The problem is-- well. There are a lot of problems, but the easily identifiable problem is that Rina does not know what to do next. There is no clear path ahead, to the next part of her life, and the next, and so she feels paralyzed, frozen like the wizard in his block of amber. Rina wonders, from time to time, what the Parliament of Radagast did with the horrible thing, once they were turned back from being apple-trees.

She feels lost in the woods, she told her doctors, in the hospital. Every path is tangled with brambles and vines, impassable. She thinks she could fight her way through them, if there were something worth getting to on the other side, but there is no guarantee of that. So she keeps still.

In Radagast, Rina's path was clear, marked out on the map in her necklace. She was given a guardian, to walk the path with her: the Bear of the Red Mountain, greatest warrior in ten generations. The Bear was an enormous man, broad and tall, with a bristly brown beard and a booming voice. He had a page-boy, who scurried after him, and rarely talked, though Rina would have been happy to have a conversation with someone her own age. The page-boy was sandy-haired and extensively freckled, with bright green eyes and a pointed nose. He staggered when the Bear clapped him on the back, and stumbled under the weight of even one piece of the Bear's armor. Rina sort of wondered why the Bear bothered to have a page-boy at all.

She was feeling very important, as the bearer of the map that led to the wizard's one weakness, when she was introduced to the Bear and the page-boy. So she drew herself up and introduced herself by her full name to them, and didn't understand their reaction at all.

"Why is it so important, anyway?" Rina asked, after the page-boy turned a peculiar wheezy shade of grey. "I mean, you've all got code names like you're spies or something. I don't get it."

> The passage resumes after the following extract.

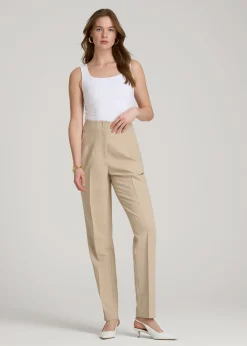 High Rise Pants with Darts for Tall Women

"Names have power," the Birch-leaf Lady explained gently, drawing Rina aside so the page-boy could finish having his conniption fit in peace. "You can't cast a spell on someone unless you know their true name. An oath sworn with your true name is binding, in a way an ordinary promise isn't. We guard our names closely, here. Perhaps it's different where you come from."

Rina remembered that her Baba insisted on calling all her children and grandchildren by nicknames. Rina's mother offered her a vague explanation for it, once-- some old folk superstition, she said. If you didn't call the children by their real names, the Evil Eye couldn't get them. Something like that. Rina wondered, briefly, if this meant there was really an Evil Eye, and spent a moment in shivery horror at the idea of a big, evil floating eyeball. Maybe it blinked curses at you.

Year later, Rina remembers the importance of names when her doctors hand her down a diagnosis. Depression, they say, and she thinks: when you know the name of a thing, you can defeat it. It is the first time she feels hopeful since she went into the hospital.

It's not as easy as it was in Radagast. Even when you know what you're fighting, it's hard to win with imperfect weapons. And the journey is long; but then, Rina is used to long journeys.

They went on foot most of the way, in Radagast. Horses tired quickly under the Bear's weight, and he didn't like to stop to change them. Anyway, where they were going was treacherous country for horses. The deep woods were best navigated on foot, though it was slower going.

They saw wonderful things on the way, though. Rina remembers a waterfall, tumbling down its mossy cliff into a deep green pool, the cliff face pocked with hollows full of birds. Sunbirds flashed in the light through the trees, and flared their bright tails, reflecting into the water. Rina wishes she'd kept the feathers they found there, but they were lost when she had to leave her pack behind in the mirror-maze under the Glass Mountain.

In high school, Rina painted the things she saw in Radagast, and felt like she was cheating when people praised her. She knows she's not a bad painter-- her technical skills are good, she understand how to use color-- but everyone complimented her imagination, and Rina never paints anything she hasn't seen with her own eyes. It's only that she's seen more than most people. So compliments are hard for her to take; they made her feel like such a fraud that she stopped painting, for a while.

When she was at her worst, she cut up most of her canvases. There was one she couldn't bring herself to damage, though. She painted the page boy, mud on his boots, a hand pushing the sweaty hair out of his eyes as he carried the Bear's sword to him. That one, she never touched.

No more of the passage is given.